The Competition and Consumer Protection Commission (CCPC) has some good advice on how to identify rental accommodation scams. Here are some common examples of scams that the CCPC have identified:
- The scammer copies listings of genuine house and apartment rentals and advertises them with a different email address and phone number. They will usually claim they’re out of the country or make some other excuse as to why they can’t show you the home. They may send you photos and even a set of fake keys in exchange for rental payment. This delays you finding out that you have been scammed.
- Another scam to watch out for is when the scammer actually does rent a home. They then advertise it as being available for rent and shows potential tenants around the house while they live there. They then collect the deposit along with the first month’s rent and disappear with your money.
- A rental may seem to go fine right up until the point where you move in. After viewing a property and paying a deposit, when you turn up at the property to move in you may find the keys don’t work. The scammer who showed you the property is nowhere to be found and is not contactable.

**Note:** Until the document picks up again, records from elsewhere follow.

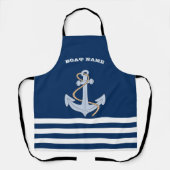 Anker Navy Blauwe Gestreepte Schort (Voorkant)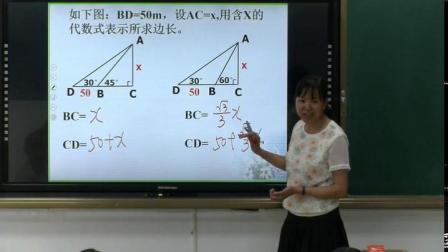 北师大版数学 九下 第一章第五节《三角函数的应用》课堂教学视频-倪琼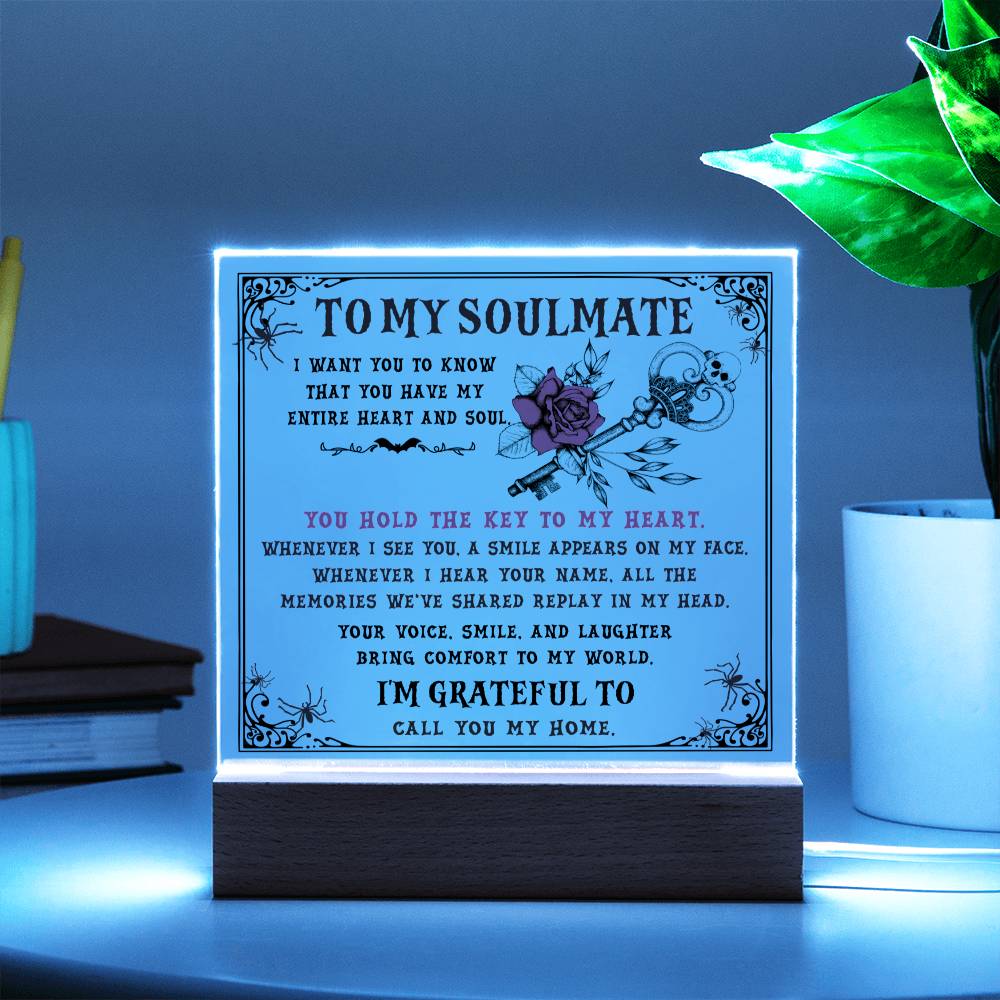 Gift For Soulmate - The Key - Square Acrylic Plaque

- You have been communicating with the scammer by email and they ask you to pay the deposit directly into a bank account. Then they ask you to forward the transaction receipt along with a form of personal ID. Your money is then stolen and your ID is used for fraudulent activity.
You can also consult Scamwatch – an initiative of housing charity, Threshold, the Union of Students in Ireland, and property website, Daft.ie. This also provides great advice on how to avoid becoming a victim of rental accommodation scams.